Data for processing:
════════

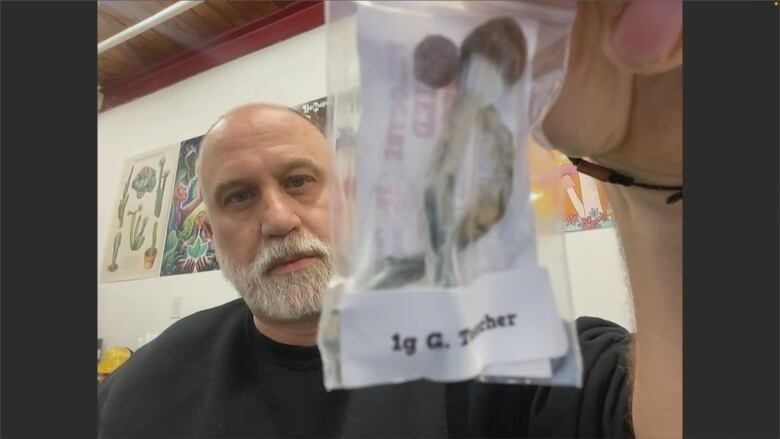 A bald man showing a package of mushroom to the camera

════════

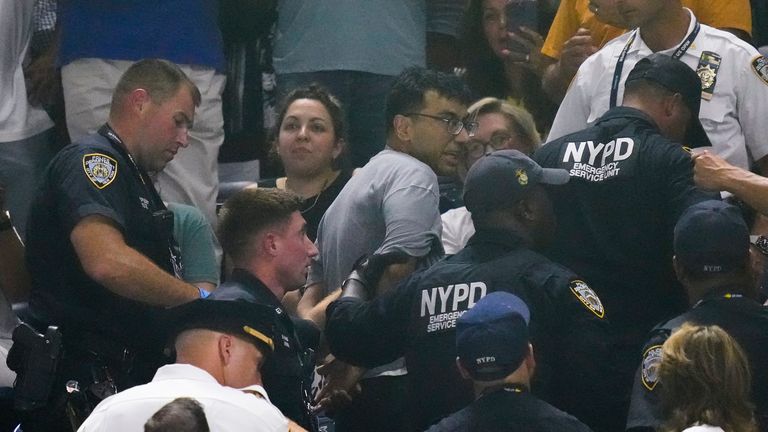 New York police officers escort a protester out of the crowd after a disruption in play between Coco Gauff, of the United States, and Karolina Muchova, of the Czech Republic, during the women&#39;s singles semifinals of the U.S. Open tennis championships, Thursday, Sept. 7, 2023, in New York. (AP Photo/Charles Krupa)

════════

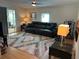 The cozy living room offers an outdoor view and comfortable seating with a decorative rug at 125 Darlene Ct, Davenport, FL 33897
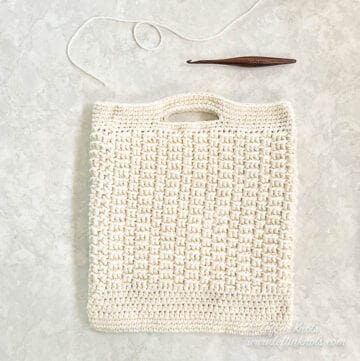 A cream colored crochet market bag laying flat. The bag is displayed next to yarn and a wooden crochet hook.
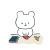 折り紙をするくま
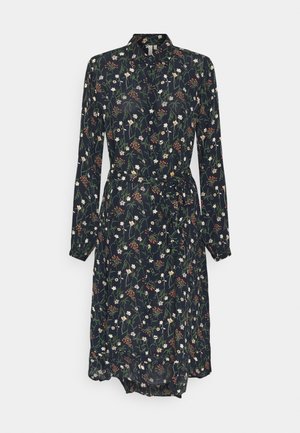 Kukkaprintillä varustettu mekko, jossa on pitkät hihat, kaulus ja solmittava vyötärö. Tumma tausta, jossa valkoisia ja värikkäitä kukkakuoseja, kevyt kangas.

════════

What is required: Return exactly the lines above, from the one with "A cream colored" up to and including the one with "Kukkaprintillä varustettu mekko, jossa", and include no pictures.

Reply to the task:
 A cream colored crochet market bag laying flat. The bag is displayed next to yarn and a wooden crochet hook.
 折り紙をするくま
 Kukkaprintillä varustettu mekko, jossa on pitkät hihat, kaulus ja solmittava vyötärö. Tumma tausta, jossa valkoisia ja värikkäitä kukkakuoseja, kevyt kangas.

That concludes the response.